Did you have data loaded in 3.6.2. Or was the data loaded and cluster was upgraded to 3.6.2.

thanks – Raj


#3

Hi Raj,

I had data loaded on v3.6.2, no upgrades done.

Regards. Deepak.


#4

Hi Raj. The full logs are here, it might be helpful in narrowing down the cause - https://dl.dropboxusercontent.com/u/10795357/aerospike%20error%20logs.txt


#5

Deepak,

Based on shared log

$ grep "SubRec Open Failure" "aerospike error logs.txt" | cut -d' ' -f 19-38 | uniq -c
   9 Digest(2D DD E2 21 10 07 00 24 18 4D 34 34 DD 83 00 00 00 00 00 00)
  19 Digest(2D DD E2 21 1E 07 00 24 18 A5 B3 41 0C 84 00 00 00 00 00 00)
  19 Digest(2D DD E2 21 21 07 00 24 18 41 5D 98 14 84 00 00 00 00 00 00)
  19 Digest(2D DD E2 21 22 07 00 24 18 71 81 28 18 84 00 00 00 00 00 00)


$ grep "SubRec Open Failure" "aerospike error logs.txt" | cut -d' ' -f 40-59 | uniq -c
  66 Digest(2D DD E2 21 B2 74 7B B5 18 C3 E7 3D C0 70 E7 FD 99 C7 A6 24)

One of the records seems to have somehow have corrupted LDT tree linkages in it. Can you share little bit more logs. I am looking for ldt gc stats which gets printed at regular interval in the log.
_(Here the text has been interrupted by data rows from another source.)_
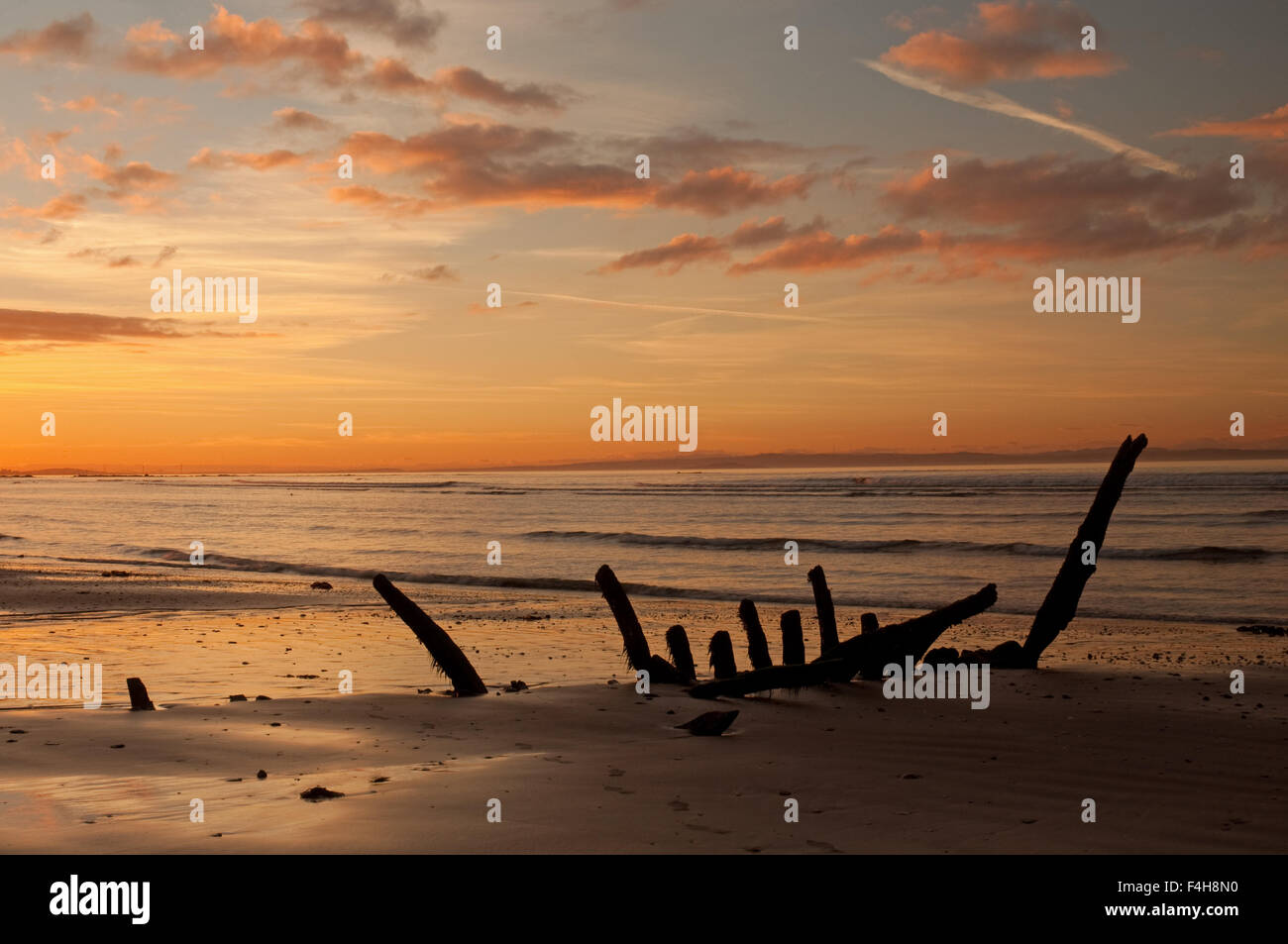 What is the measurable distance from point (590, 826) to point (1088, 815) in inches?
139

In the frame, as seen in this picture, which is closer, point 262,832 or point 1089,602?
point 262,832

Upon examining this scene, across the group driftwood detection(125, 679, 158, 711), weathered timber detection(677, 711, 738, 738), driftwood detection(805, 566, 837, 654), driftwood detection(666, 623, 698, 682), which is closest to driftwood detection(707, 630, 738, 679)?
driftwood detection(666, 623, 698, 682)

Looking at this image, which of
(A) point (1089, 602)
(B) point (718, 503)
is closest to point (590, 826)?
(A) point (1089, 602)

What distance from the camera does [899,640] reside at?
1291 cm

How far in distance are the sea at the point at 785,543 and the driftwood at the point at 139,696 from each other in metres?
18.4

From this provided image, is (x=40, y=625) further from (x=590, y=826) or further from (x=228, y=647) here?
(x=590, y=826)

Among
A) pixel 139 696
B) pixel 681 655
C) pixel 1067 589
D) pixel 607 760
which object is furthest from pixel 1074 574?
pixel 139 696

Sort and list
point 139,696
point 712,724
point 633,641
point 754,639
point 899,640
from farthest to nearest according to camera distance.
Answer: point 754,639 < point 633,641 < point 899,640 < point 139,696 < point 712,724

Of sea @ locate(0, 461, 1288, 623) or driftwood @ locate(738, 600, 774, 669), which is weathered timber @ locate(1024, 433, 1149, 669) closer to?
driftwood @ locate(738, 600, 774, 669)

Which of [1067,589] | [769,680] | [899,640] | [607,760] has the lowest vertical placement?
[607,760]

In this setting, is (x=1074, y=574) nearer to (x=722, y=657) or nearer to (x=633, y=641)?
(x=722, y=657)

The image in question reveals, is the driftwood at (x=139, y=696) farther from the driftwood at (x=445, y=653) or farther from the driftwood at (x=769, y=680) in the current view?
the driftwood at (x=769, y=680)

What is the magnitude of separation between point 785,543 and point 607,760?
3609 cm

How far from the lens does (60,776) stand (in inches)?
305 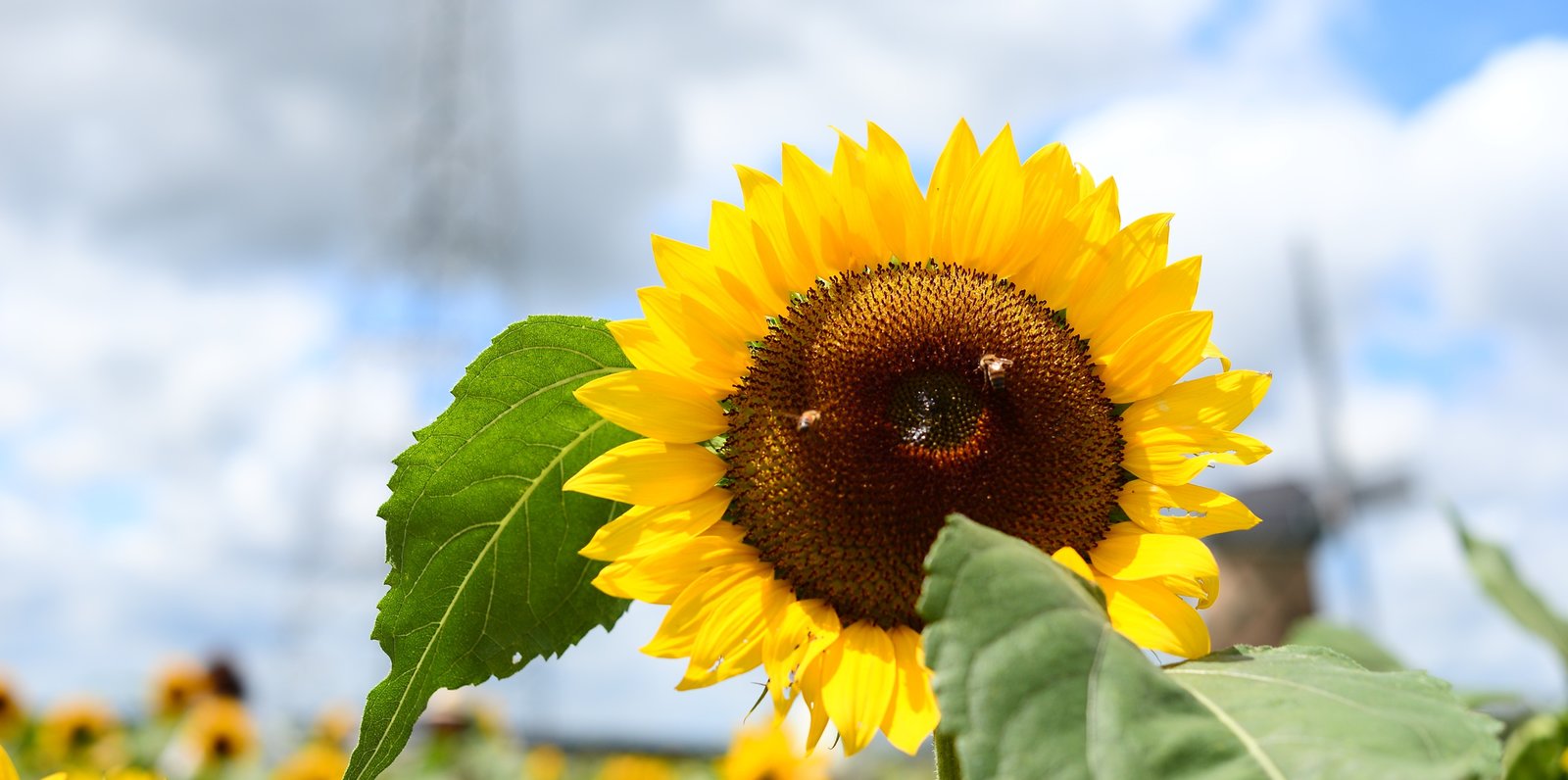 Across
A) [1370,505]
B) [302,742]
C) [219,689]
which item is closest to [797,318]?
[302,742]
That said I will have to investigate further what could be causing this. For now if this is bounded number of records you may want to clean it up and write them again to fix it.

– Raj


#6

Deepak,

It will help if you could share the typical operation you were performing when the cluster view change was triggerred !!

– Raj


#7

Hi Raj,

Attaching all the logs of I have from the 2 aeropsike instances. https://dl.dropboxusercontent.com/u/10795357/aerospike%20logs%201.txt & https://dl.dropboxusercontent.com/u/10795357/aerospike%20logs%202.txt

There were a lot of writes (also reads) to the ldt during the cluster view change, which seems to have corrupted the ldt tree linkages?
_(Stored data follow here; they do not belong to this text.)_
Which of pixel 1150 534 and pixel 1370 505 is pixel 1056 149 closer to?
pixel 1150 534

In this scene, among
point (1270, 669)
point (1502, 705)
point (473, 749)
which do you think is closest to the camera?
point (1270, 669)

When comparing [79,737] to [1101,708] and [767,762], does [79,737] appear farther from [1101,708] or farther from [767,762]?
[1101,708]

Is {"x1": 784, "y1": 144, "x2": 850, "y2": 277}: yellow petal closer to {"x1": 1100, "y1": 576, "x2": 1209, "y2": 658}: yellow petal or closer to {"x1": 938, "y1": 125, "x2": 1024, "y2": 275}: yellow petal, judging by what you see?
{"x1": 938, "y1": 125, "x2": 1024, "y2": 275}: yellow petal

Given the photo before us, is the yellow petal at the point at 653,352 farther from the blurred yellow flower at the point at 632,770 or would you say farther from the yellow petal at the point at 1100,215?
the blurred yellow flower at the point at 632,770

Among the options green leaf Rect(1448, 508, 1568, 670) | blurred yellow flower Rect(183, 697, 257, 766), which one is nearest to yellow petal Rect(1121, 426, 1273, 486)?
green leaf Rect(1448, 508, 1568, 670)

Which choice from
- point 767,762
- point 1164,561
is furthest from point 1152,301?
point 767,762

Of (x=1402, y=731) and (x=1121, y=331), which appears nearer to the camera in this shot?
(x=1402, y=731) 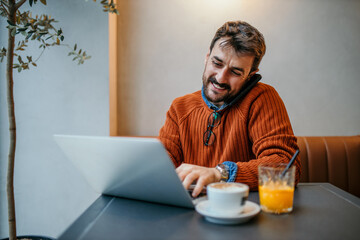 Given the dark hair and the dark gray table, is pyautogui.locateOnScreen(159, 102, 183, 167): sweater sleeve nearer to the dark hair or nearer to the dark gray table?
the dark hair

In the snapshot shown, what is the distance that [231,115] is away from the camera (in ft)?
4.66

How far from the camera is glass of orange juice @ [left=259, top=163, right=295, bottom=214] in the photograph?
72cm

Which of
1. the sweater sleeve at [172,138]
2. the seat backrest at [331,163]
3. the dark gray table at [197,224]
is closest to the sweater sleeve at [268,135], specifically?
the dark gray table at [197,224]

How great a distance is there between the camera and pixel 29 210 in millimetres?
2104

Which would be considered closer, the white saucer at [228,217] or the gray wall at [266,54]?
the white saucer at [228,217]

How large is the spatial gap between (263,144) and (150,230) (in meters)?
0.70

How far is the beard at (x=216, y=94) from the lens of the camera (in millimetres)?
1384

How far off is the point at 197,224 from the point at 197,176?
0.21 metres

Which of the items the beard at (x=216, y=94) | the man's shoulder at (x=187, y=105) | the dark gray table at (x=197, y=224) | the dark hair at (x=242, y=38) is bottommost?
the dark gray table at (x=197, y=224)

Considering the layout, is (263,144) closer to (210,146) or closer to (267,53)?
(210,146)

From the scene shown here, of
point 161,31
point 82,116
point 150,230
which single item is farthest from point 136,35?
point 150,230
Do these logs help reveal anything interesting?

I have cleared up all the records and re-written them. I’ll try to replicate the error again later today by bringing down an instance of aerospike and writing to ldt during the cluster view change.

Regards. Deepak.


#8

Not much info in the log. Will let you know when I have some insights…

– Raj


#9

Hi Raj,

I am Deepak’s colleague. Here is the link to a small example in Scala to reproduce the LDT Sub Record Open Error using a cluster of two asd nodes: https://dl.dropboxusercontent.com/u/10795357/example-ldt-error.tar. To run the example you can run the following commands in three different shells.

./start-cluster
sbt run
./kill-loop # kills and restarts nodes

We can reproduce the LDT Sub Record Open Error easily on clusters with more than one node and less frequently when running the example with a single node.
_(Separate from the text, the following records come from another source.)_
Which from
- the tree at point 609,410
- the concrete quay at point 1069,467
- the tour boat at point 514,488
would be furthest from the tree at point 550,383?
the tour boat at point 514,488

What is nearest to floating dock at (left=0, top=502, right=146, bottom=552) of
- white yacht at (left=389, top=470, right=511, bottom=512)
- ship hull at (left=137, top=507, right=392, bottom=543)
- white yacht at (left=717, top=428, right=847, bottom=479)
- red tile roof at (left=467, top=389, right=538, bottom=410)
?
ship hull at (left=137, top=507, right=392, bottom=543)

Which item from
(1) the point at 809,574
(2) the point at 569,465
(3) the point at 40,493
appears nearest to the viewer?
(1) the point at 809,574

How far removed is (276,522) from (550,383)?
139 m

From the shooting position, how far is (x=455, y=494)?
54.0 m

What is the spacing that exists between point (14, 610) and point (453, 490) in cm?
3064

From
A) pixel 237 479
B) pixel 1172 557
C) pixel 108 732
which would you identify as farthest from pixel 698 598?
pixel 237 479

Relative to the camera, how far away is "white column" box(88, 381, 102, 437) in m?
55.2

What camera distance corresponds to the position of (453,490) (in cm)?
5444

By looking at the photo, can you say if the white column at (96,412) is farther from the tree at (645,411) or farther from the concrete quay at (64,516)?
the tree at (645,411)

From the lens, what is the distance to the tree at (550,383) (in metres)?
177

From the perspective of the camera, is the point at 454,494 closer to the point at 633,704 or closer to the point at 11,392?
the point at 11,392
When running the code snippet below while running a second loop that kills and restarts a single asd instance, we often encounter the LDT-Sub Record Open Error Deepak describes earlier once asd comes back up.

Is this a bug? Are there some config settings we can use to safely use the large list, e.g. enable-osync or a similar option? Or should we find a way to handle the LDT-Sub Record Open Error in our application instead?

Thanks, Thomas

val c = new AerospikeClient("192.168.99.100", 3000)
val k = new Key("test", "demo-ldt", "ldt-key")
val wp = new WritePolicy
wp.commitLevel = CommitLevel.COMMIT_ALL
wp.consistencyLevel = ConsistencyLevel.CONSISTENCY_ALL

var epoch = 1L
while (true) {
    val l = c.getLargeList(writePolicy, k, "list-bin")
    l.add(Value.get(epoch))
    epoch++
}

#10

Hi Raj,

My colleague Thomas and I have a small test case to reproduce the LDT Sub-Record error. Please let us know if you’ve had a chance to look at it.

Regards. Deepak.


#11

@deepakp and @thomas:

Thank you for posting about LDTs in our forum. Please see the LDT Feature Guide for current LDT recommendations and best practices.


#12

@deepakp, @thomas:

Effective immediately, we will no longer actively support the LDT feature and will eventually remove the API. The exact deprecation and removal timeline will depend on customer and community requirements. Instead of LDTs, we advise that you use our newer List and SortedMap APIs, which are now available in all Aerospike-supported clients at the General Availability level. Read our blog post for details.